In fact, cryptography is the heartbeat of keeping your and your customers’ data safe, your communications with online payment mechanisms secure, and mission critical secrets for enterprise and government, well, secret. It is essential to the triad of confidentiality, integrity, and availability (CIA), a common model that forms the basis for the development of security systems, and even to saving lives!
Not only is cryptography the super cool science of keeping secrets, but it extends its reach into mathematics, science, technology, politics, and human rights. At Salesforce, it helps us live up to our number one value of Trust. And it’s also one of the biggest buzzwords in tech, right along with cryptocurrency and NFTs.
There are also concerns of existing cryptography standards being broken in the future due to — get ready for some jargon — post-quantum cryptography, where the overhead of cryptanalysis is drastically reduced, meaning it may be possible to break some cryptosystems.

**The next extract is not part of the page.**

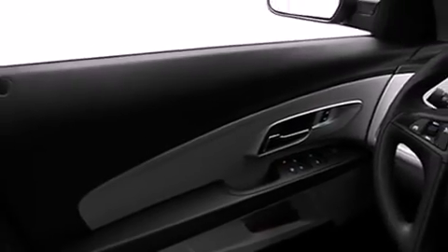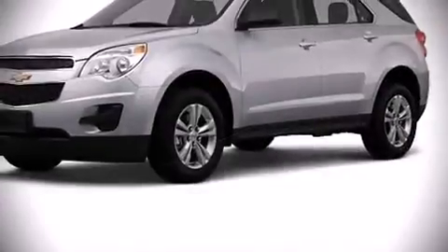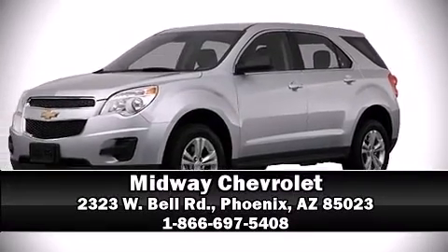Our team is professional and we offer a no-pressure environment. Please don't hesitate to give us a call.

We’re still quite a while away from that so don’t get too worried…yet. We’re gonna cover what has been and what is first.
Every Superhero has an Origin Story
Throughout time, cryptography has been used to save lives. Unfortunately in some cases, the opposite has been true, where bad or broken cryptography has led to dramatic, moribund events. For instance:
The Caesar Cipher: A Cipher (a set of rules or a combination of two or more algorithms) named in honor of Julias Caesar who used it to encrypt military and official government messages. Using a transposition of three, the plaintext would be rotated by three letters down the alphabet to produce the fixed output of cipher text. So the words “trust” would have the ciphertex output of “wuxvw”. W is three letters down from T and so on.

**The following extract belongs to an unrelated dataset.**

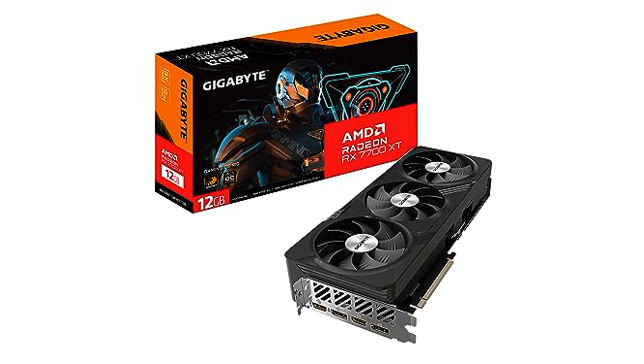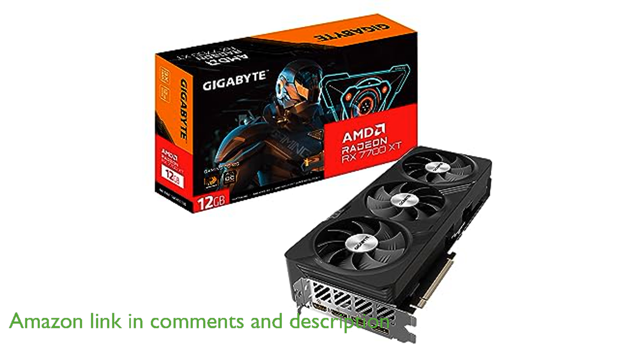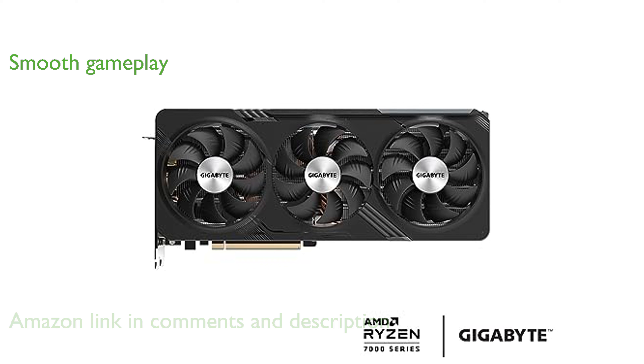The Gigabyte RX 7700 XT Gaming OC 12G graphics card is powered by the impressive Radeon RX 7700 XT, ensuring top-tier performance for gaming and streaming. With its 12GB of GDDR6 memory and a 192-bit memory interface, this card delivers smooth and efficient gameplay.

The Babington Plot: In the year 1587, Mary, Queen of Scots, was imprisoned and watched under lock and key. Finding it nearly impossible to communicate with the outside world, she was able to create her own cipher consisting of a nomenclature (letters and symbols) and send them to her allies by smuggling parchments with the code through beer barrels. Eventually this was cracked by a method called frequency analysis (identifying the most common ciphertexts and guessing what they would attribute back to) and Mary's plot of treason against Queen Elizabeth was met with a grim fate. If she had rotated her nomenclature more frequently it may have saved her life.

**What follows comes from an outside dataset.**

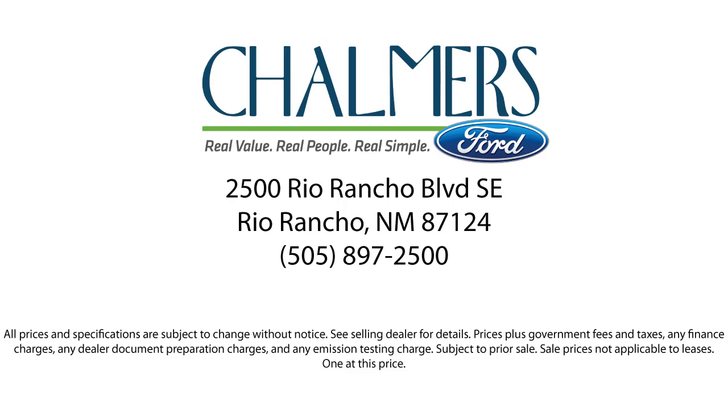So come in today and schedule a test drive. We're located at 2500 Rio Rancho Boulevard.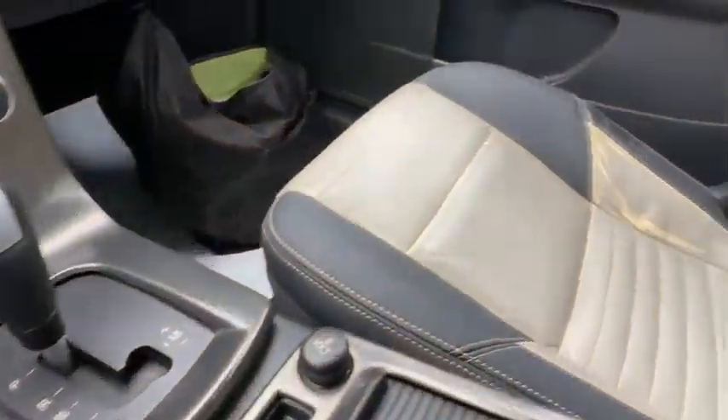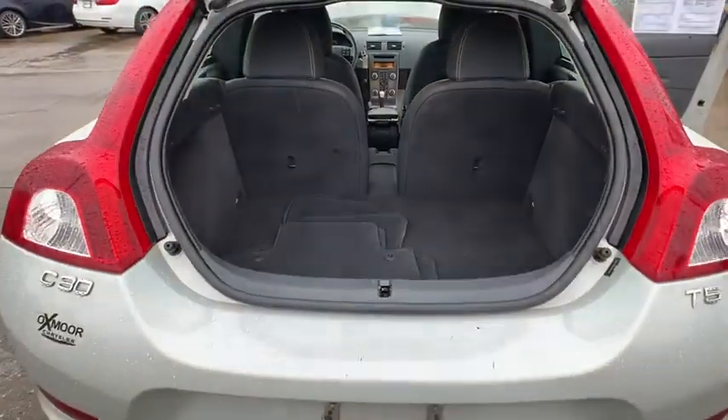Trip computer, panic alarm, tachometer, remote keyless entry, brake assist, power moonroof.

The Enigma Machine: During WWII, the German military used this mechanical cryptographic device to encrypt messages and make them undecipherable to unintended snoopers. Think of a typewriter stuck in a box with multiple rotors attached. When you would press a key, a light would appear on the end of the board highlighting a letter. The intention of this was that every time you press the letter A, you would not get the same letter twice in a row as the mechanical wiring of the box would change due to the rotors changing how the keys would output text. Alan Turing eventually cracked the device. It is believed that the cracking of the enigma machine ended WWII early and saved the lives of countless people.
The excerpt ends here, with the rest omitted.